Give a formal derivation of ∃x~P(y) given the premises ~∃x(∀yP(y) ∧ Q(x)) and Q(b) This is one of the question I was given for homework, and I'm not sure how to do it, I'm not even really sure how to start. I missed some classes, and I've been trying to figure it out for a couple hours, but still haven't gotten anywhere.
Edit 1:
so I've come up with this, however I’m not very confident about it

  
*
  
*~∃x(∀yP(y)$\wedge$Q(x))
  
*Q(b)
  
*∀x~(∀yP(y)$\wedge$Q(x))  1, change to universal quantification
  
*∀x~(∀yP(y))          3, specialization
  
*~(∀yP(y))            4, U.I.
  
*∃y~P(y)              5, change to existential quantification
  

 A: If we are asked to provide a formal derivation, it's always relevant to know the rules you are asked to use. I'm assuming here you are using standard FOL natural deduction calculus. The proof then goes as follows:

  
*
  
*$\neg \exists x (\forall y P(y) \wedge Q(x))$, P
  
*$Q(b)$, P
  
*$\forall x \neg (\forall y P(y) \wedge Q(x))$, 1 $\exists$def
  
*$ \neg (\forall y P(y) \wedge Q(b)$ 3 $\forall$E (UI)
  
*$\neg \forall y P(y) \vee \neg Q(b)$ 4 De Morgan Laws
  
*$\neg \forall y P(y)$ 5 Disjunctive Syllogism
  
*$\exists y \neg P(y)$ 6 $\exists$def
  

As you can see I'm assuming some propositional admissible rules, namely, the De Morgan Laws and Disjunctice Syllogism, hoping that you can complete it as the rest of your homework.
A: It is hard without knowing what rules of inference you are allowed to use ...
Assuming that we can use the equivalences between $\forall \lnot$ and $\lnot \exists$ and between $\lnot \forall$ and $\exists \lnot$ and De Morgan's laws, we have first to rewrite the formula :

$\lnot ∃x(∀yP(y) \land Q(x))$

as : $∀x \lnot (∀yP(y) \land Q(x))$ which is equivalent to $∀x (\lnot ∀yP(y) \lor \lnot Q(x))$ and finally to : 

$∀x (∃y \lnot P(y) \lor \lnot Q(x))$.


Now for the derivation :
1) $∀x (∃y \lnot P(y) \lor \lnot Q(x))$ --- premise [1] (after the transformation)
2) $Q(b)$ --- premise [2]
3) $∃y \lnot P(y) \lor \lnot Q(b)$ --- from [1] by $\forall$E (i.e. UI)
4) $∃y \lnot P(y)$ --- assumed [2]
5) $\lnot Q(b)$ --- assumed [3]
6) $\bot$ --- from 2) and 5) by $\rightarrow$E (or modus ponens)
7) $∃y \lnot P(y)$ --- from 6) by $\bot$E

8) $∃y \lnot P(y)$ --- from 3), 4), 5) and 7) by $\lor$E, discharging assumptions [2] and [3]

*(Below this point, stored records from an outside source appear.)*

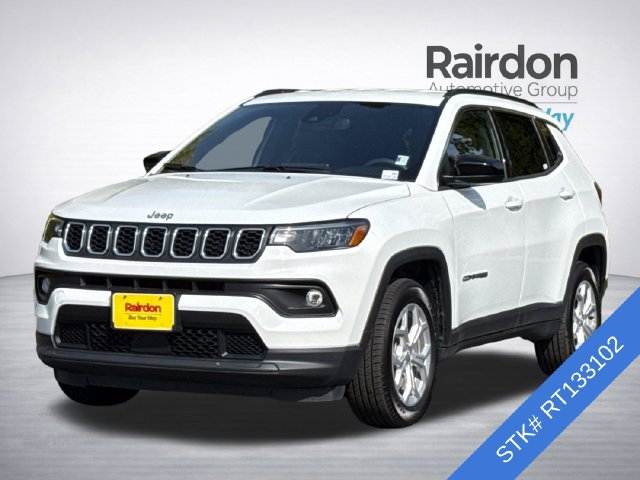Used 2024 Jeep Compass Latitude AWD/4WD image 2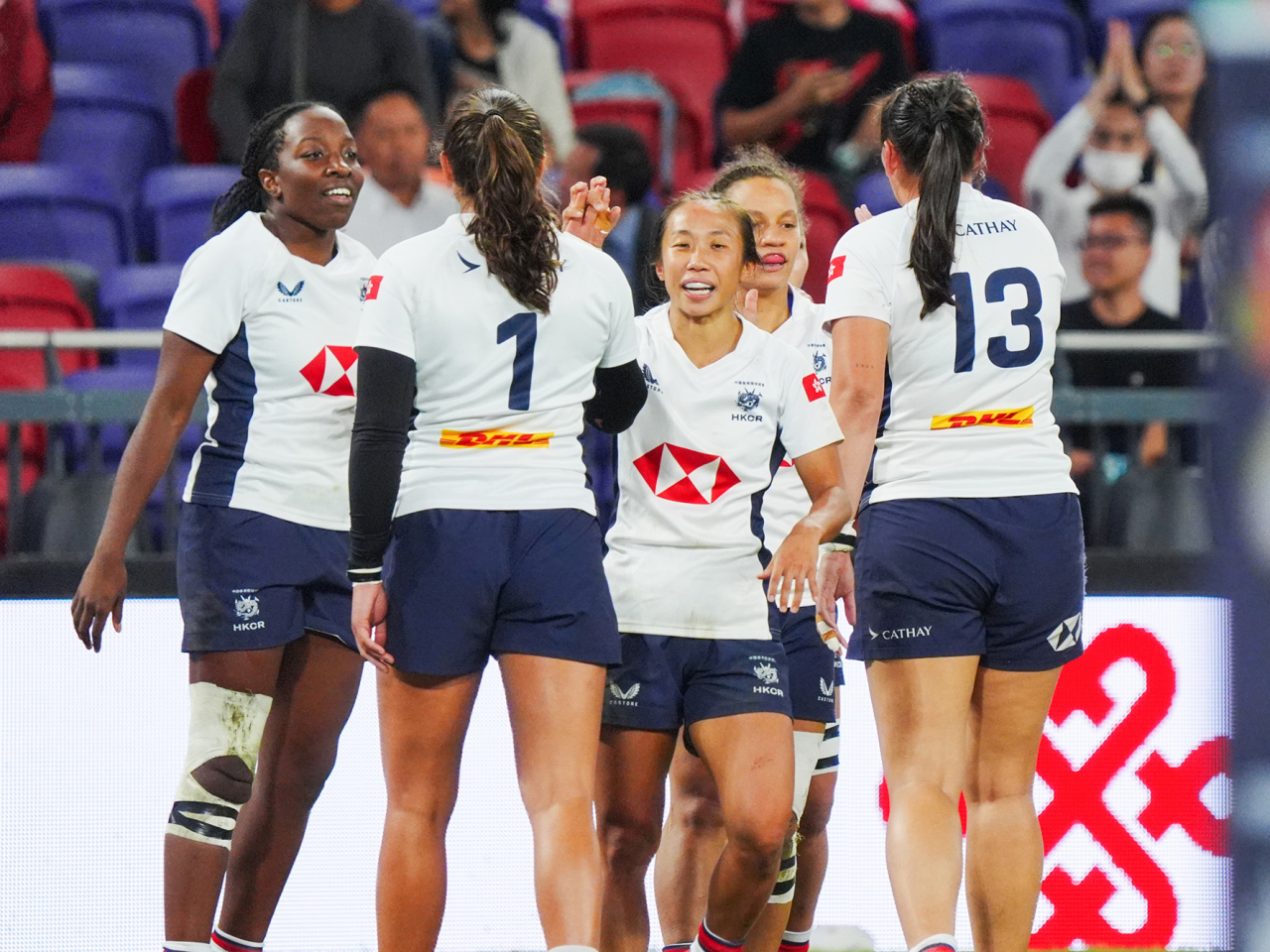 港隊於女子七欖名次賽以24比7大勝上海，取得賽事第5名。（新華社）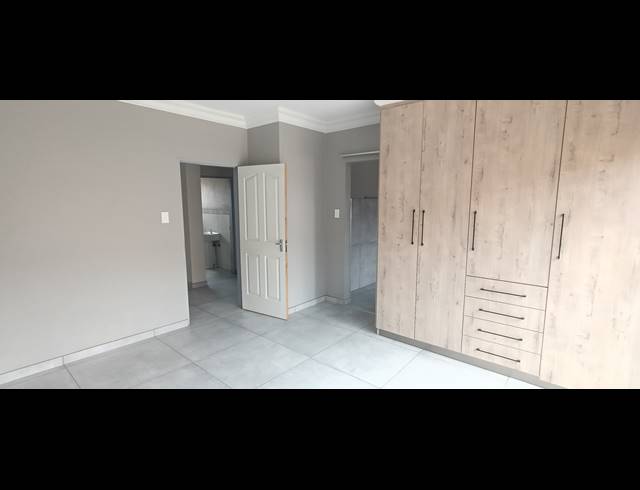 4 BEDROOM DUPLEX TO LET IN MODEL PARK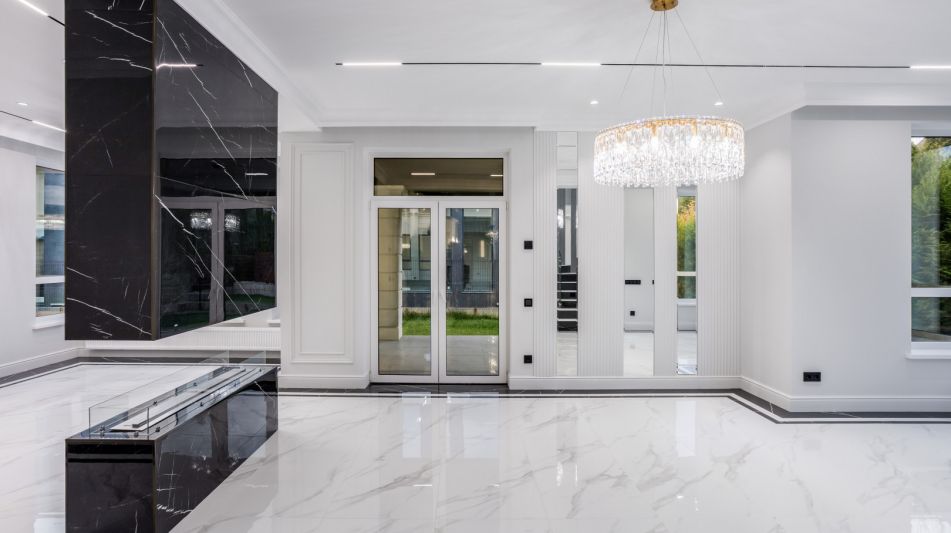 Дом у озера в КП Новорижский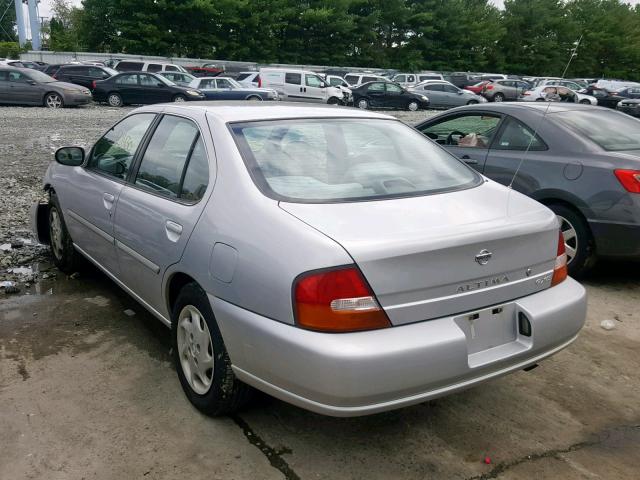 1N4DL01DXXC158189 - 1999 NISSAN ALTIMA XE SILVER photo 3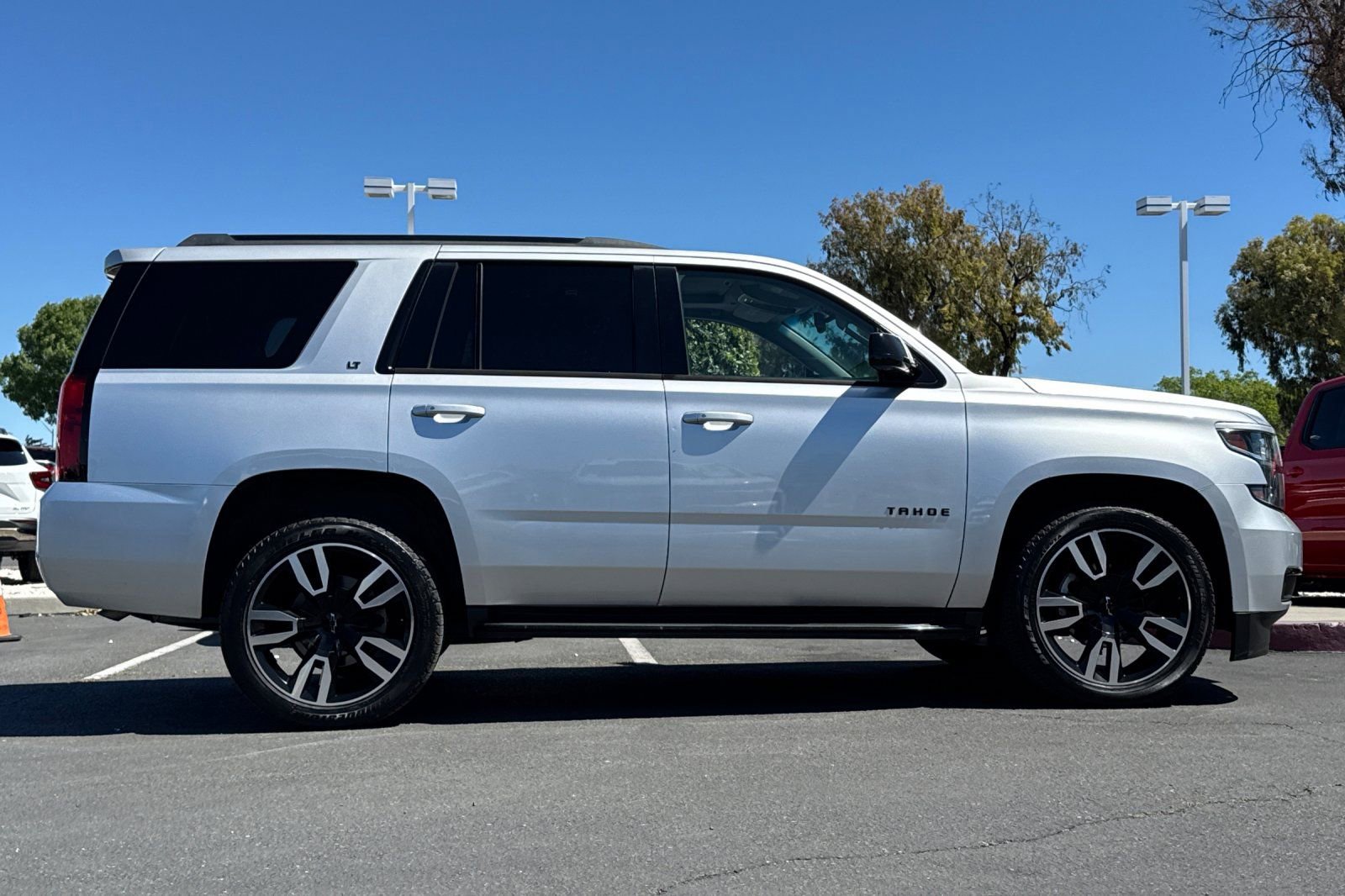 Used 2018 Chevrolet Tahoe LT image 4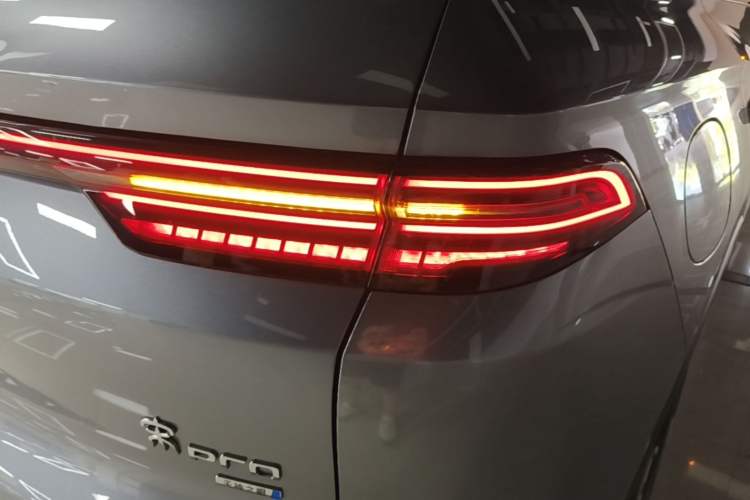 Used BYD Song Pro New Energy 2025 2nd Generation Intelligent Driving Version DM-i 75KM Leading Edition Right Rear Taillight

Conclusion from 1), 2) and 8) : 


$\lnot ∃x(∀yP(y) \land Q(x)), Q(b) \vdash ∃y \lnot P(y)$.



Note
In the derivation I have use natural deduction; if your proof system is different, you have to adapt the above proof to it.
For example, the above derivation can be easily adapted to an Hilbert-style proof, using again De Morgan and the equivalences between quantifiers. 
We have to start from premise 1 :

$\lnot ∃x(∀yP(y) \land Q(x))$

and apply De Morgan "inside" to get :
$\lnot ∃x \lnot (\lnot ∀yP(y) \lor \lnot Q(x))$
which is :
$\forall x(\exists y \lnot P(y) \lor \lnot Q(x))$.
Now we instantiate the universal quantifier, to get :
$\exists y \lnot P(y) \lor \lnot Q(b)$
and use the equivalence between $\lnot p \lor q$ and $p \rightarrow q$ to rewrite it as :
$Q(b) \rightarrow \exists y \lnot P(y)$.
The conclusion follows from premise 2 and modus ponens.